STORED DATA ::
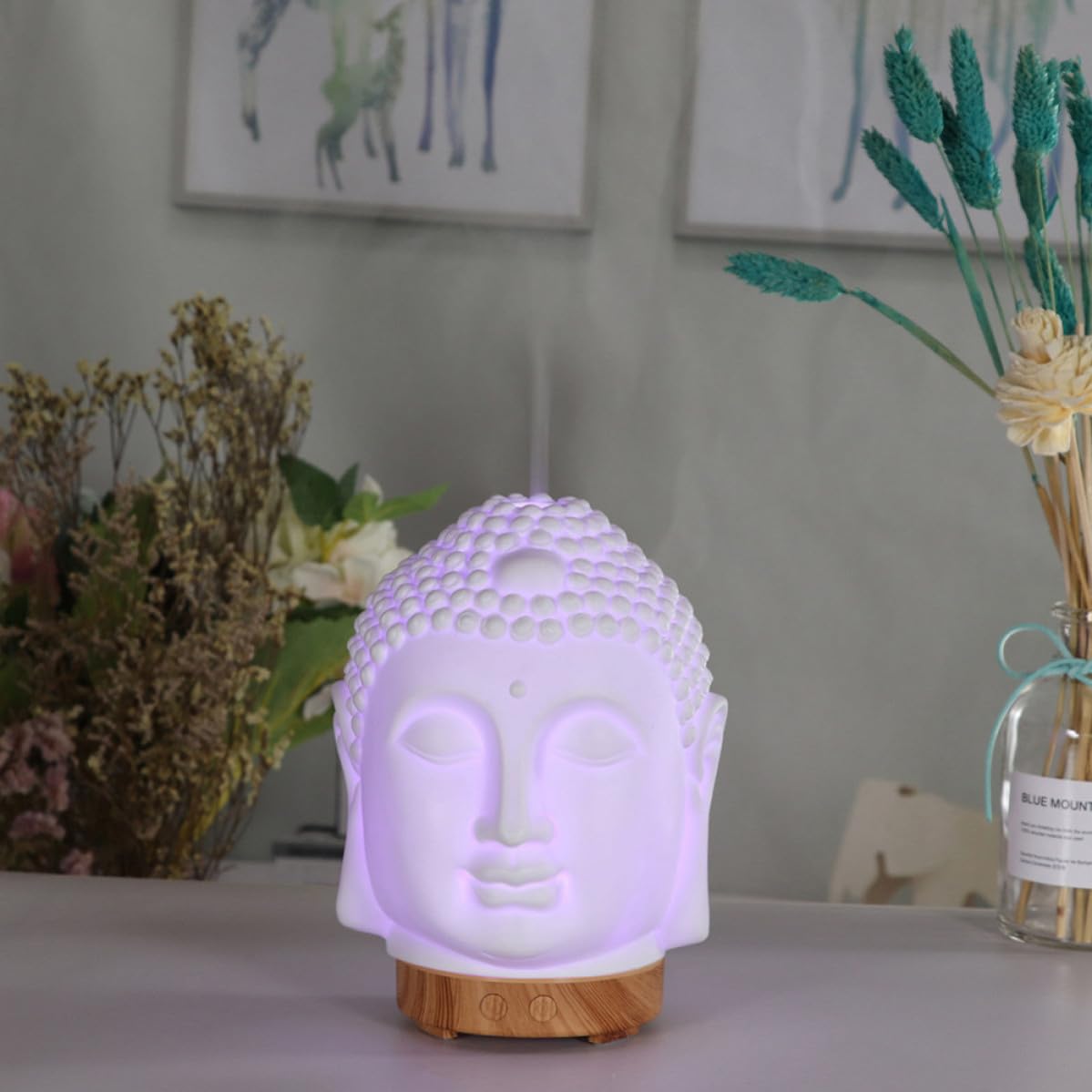 Diffusore di Aromaterapia, Umidificatore in Ceramica a Forma di Testa di Buddha, 1 Pezzo, Bianco, per Scrivania in Ufficio, Capacità Inferiore a 1L, Diffusione dell'Aroma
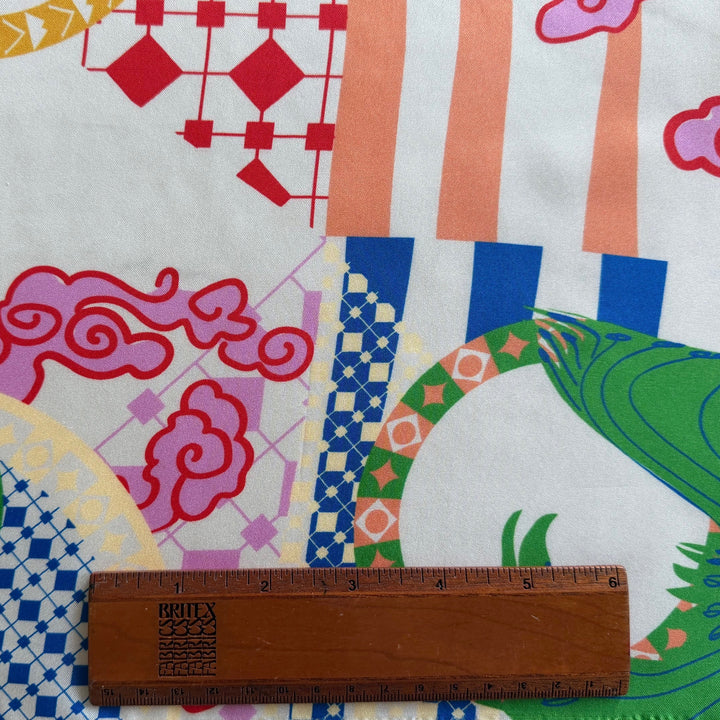 42" Panel - Peter Max Inspired Folk Quilt Silk Twill (Made in Italy)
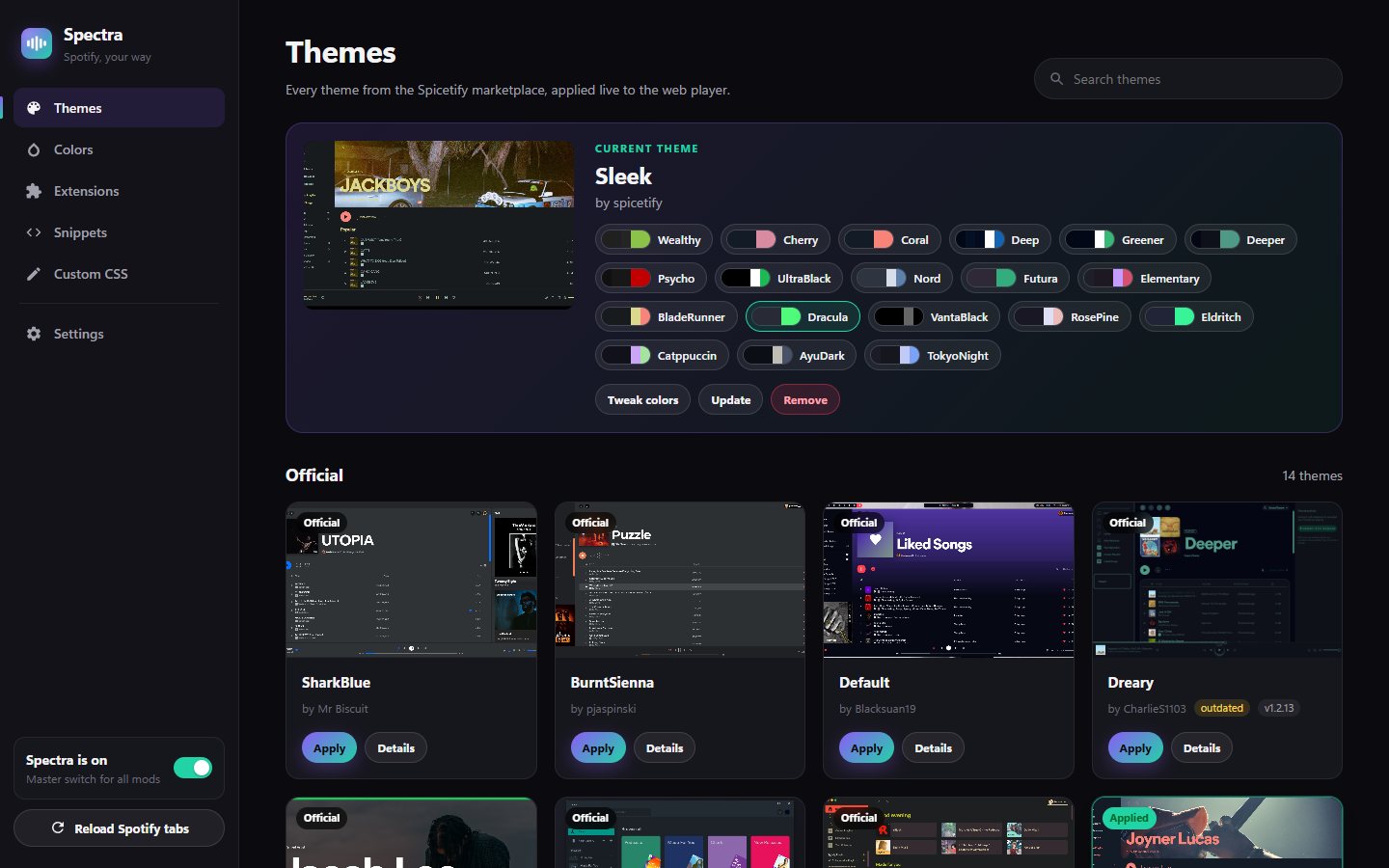 Spectra's dashboard showing the current theme and a grid of official themes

TASK STATEMENT ::
The answer is the whole listing retyped exactly, with pictures omitted.

ANSWER AREA ::
 Diffusore di Aromaterapia, Umidificatore in Ceramica a Forma di Testa di Buddha, 1 Pezzo, Bianco, per Scrivania in Ufficio, Capacità Inferiore a 1L, Diffusione dell'Aroma
 42" Panel - Peter Max Inspired Folk Quilt Silk Twill (Made in Italy)
 Spectra's dashboard showing the current theme and a grid of official themes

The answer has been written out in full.